Mais il est une lacune que je désire combler, il ne contient aucun renseignement me concernant ; aussi, afin que votre haute autorité soit éclairée totalement, voici en quelques lignes :

Je suis né le 6 avril 1954 à Avignon (Vaucluse), mes parents ont divorcé lorsque j’avais 3 ans et demi. J’ai toujours vécu avec ma mère, Mme MATHON Héloïse, née le 22 septembre 1922 à Avignon.

J’ai changé assez  souvent d’écoles et collèges (déménagements) ; mes études ne s’en sont pas trop ressenties, mais je n’ai qu’une instruction secondaire. Ma mère étant propriétaire d’un bar à Charenton, puis ensuite d’un bar-restaurant à Voiron (Isère) – le « Rio-Bravo », la Potinière (18500). Ce dernier fut créé en 1965 et après quelques déboires (travaux, employés pas satisfaisants), sa rentabilité s’améliora peu à peu. La dernière année, je l’ai tenu, secondé d’un cuisinier et d’une serveuse. Mais en 1971, ma mère dut le vendre et prendre une retraite anticipée cause santé. Nous nous installâmes dans un appartement neuf à Nice – 61 avenue des Terrasses de la Corniche fleurie.

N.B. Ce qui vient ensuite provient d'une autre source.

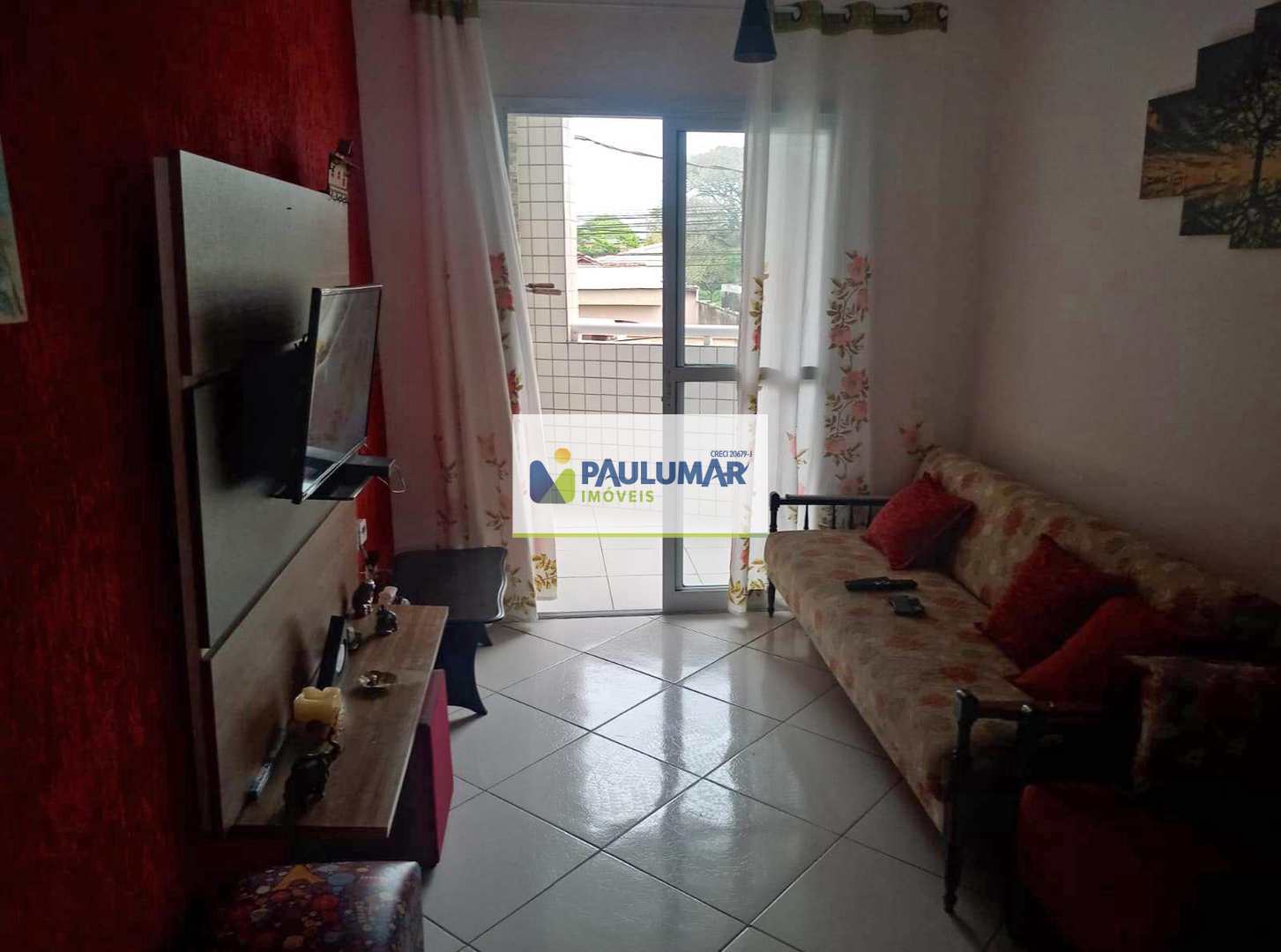 Apartamento à venda com 2 quartos, 60m² - Foto 7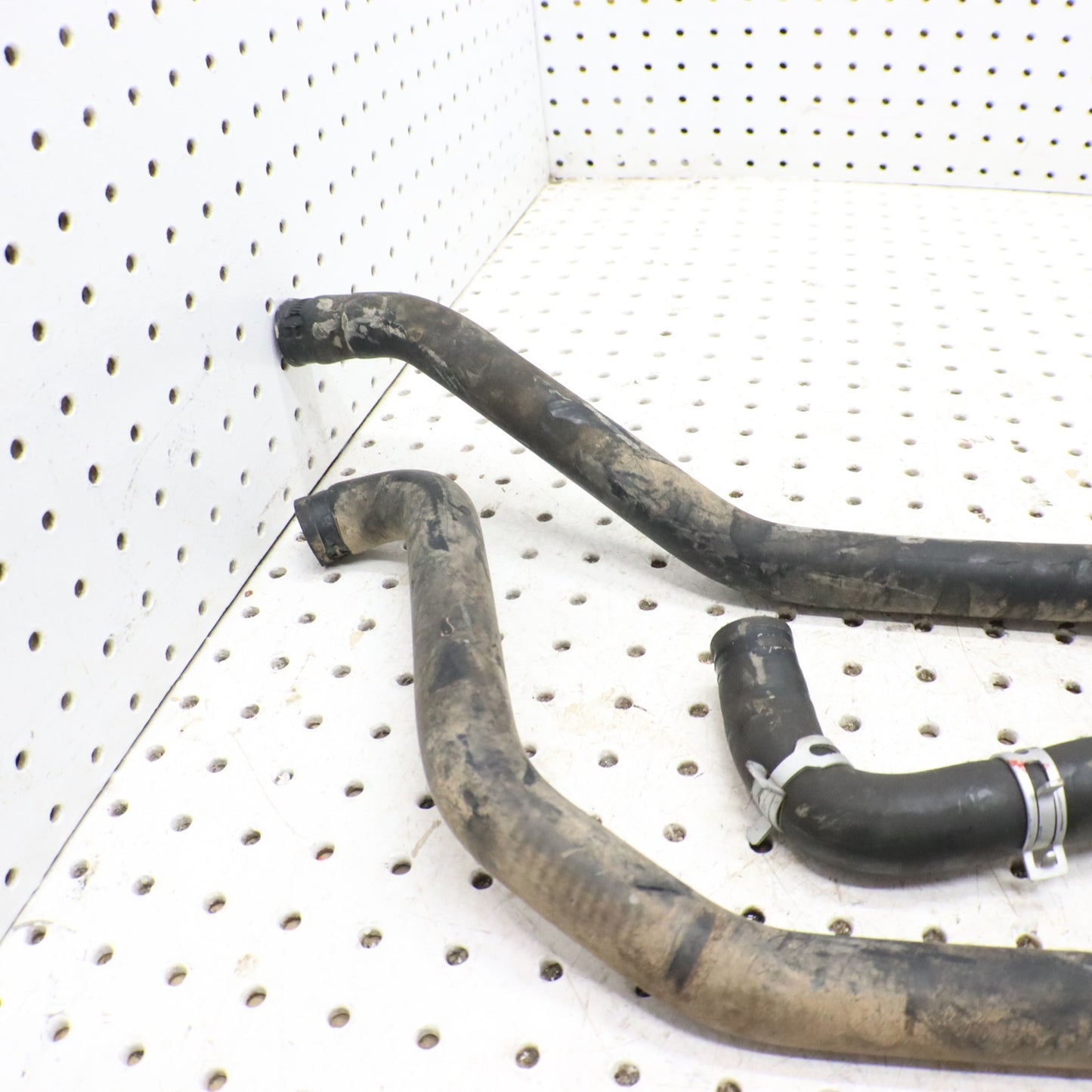 2012 Polaris Sportsman 500 Radiator Coolant Cooling Hoses 5414218 5414217 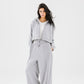 Tracksuit in grey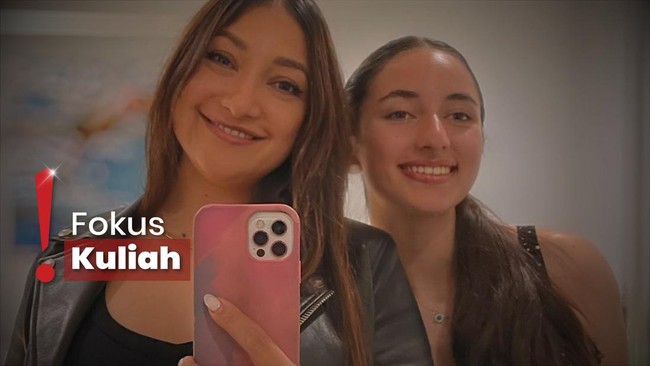 Anak Ogah Ikuti Jejaknya Masuk Dunia Entertainment, Rahma Azhari: Bagus!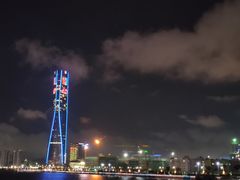 -澳门环岛游湾仔码头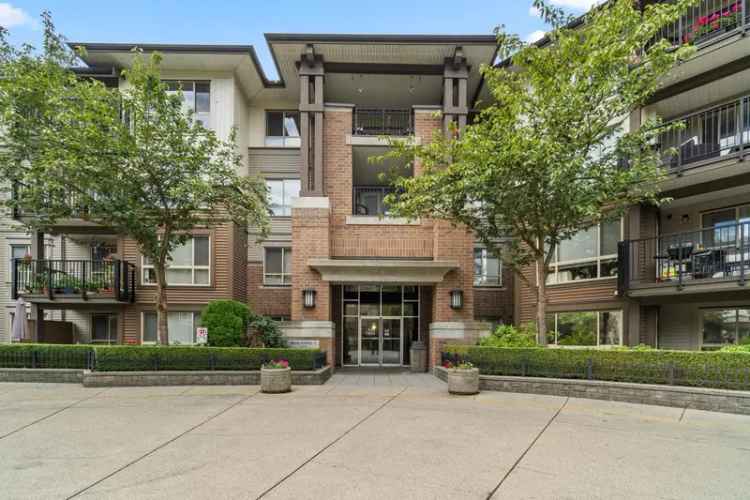 A $585,900.00 Apartment/Condo with 2 bedrooms in West Central, Maple Ridge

Vie heureuse, paisible et sans problème. Niveau de vie moyen, indépendant. J’ai fait mon Service National, par devancement d’appel, d’avril 1973 à fin mars 1974 au 8ème Génie Mécanique à Wittlich (R.F.A). De retour, j’ai cherché un emploi à Nice. Je fus engagé en mai 1974 par les établissements Cotto de Nice en qualité de représentant en matériel thermique (chaudières, convertisseurs, climatiseurs, etc.) Je comptais garder cet emploi quelques temps, puis prendre une gérance d’hôtel ou de bar ou même créer moi-même un petit snack. Mais les circonstances ne m’en ont pas laissé le loisir.

Il y a 25 mois, je venais d’avoir 20 ans, je fus arrêté, inculpé, déshonoré, emprisonné ; jeté au milieu d’une affaire aussi dramatique que sordide, accusé d’un crime dont je suis innocent.

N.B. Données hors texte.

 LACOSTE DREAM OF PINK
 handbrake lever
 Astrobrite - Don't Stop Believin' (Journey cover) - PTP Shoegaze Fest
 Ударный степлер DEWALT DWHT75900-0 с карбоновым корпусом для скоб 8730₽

Je suis innocent et, bien que ce ne soit pas à celui injustement accusé à apporter les preuves de sa bonne foi, par bonheur, je peux prouver que je suis innocent.

Ceux et celles qui me connaissent peuvent, même aujourd’hui – et ça, ça me tient chaud au cœur qu’ils me fassent confiance – apprécier l’océan d’impossibilité morale contre l’acte que l’on veut, à tout prix, me faire endosser, et moi.

Nos proches amis, connaissances mêmes, ne sont pas les seuls à avoir pu apprécier le grotesque de la chose, et si ce n’aient été de puissantes et étrangères considérations, l’on ne se serait pas entêté à se servir de moi.

Mais tout cela est trop compliqué pour que je vous soumette les détails, moi, ici.

Je suis innocent et c’est avec une confiance vraie, Monsieur le Président de la République, que je laisse à votre haut jugement mon avenir et mon honneur et ceux de mes proches.

Je vous prie, Monsieur le Président de la République, d’agréer mes salutations respectueuses.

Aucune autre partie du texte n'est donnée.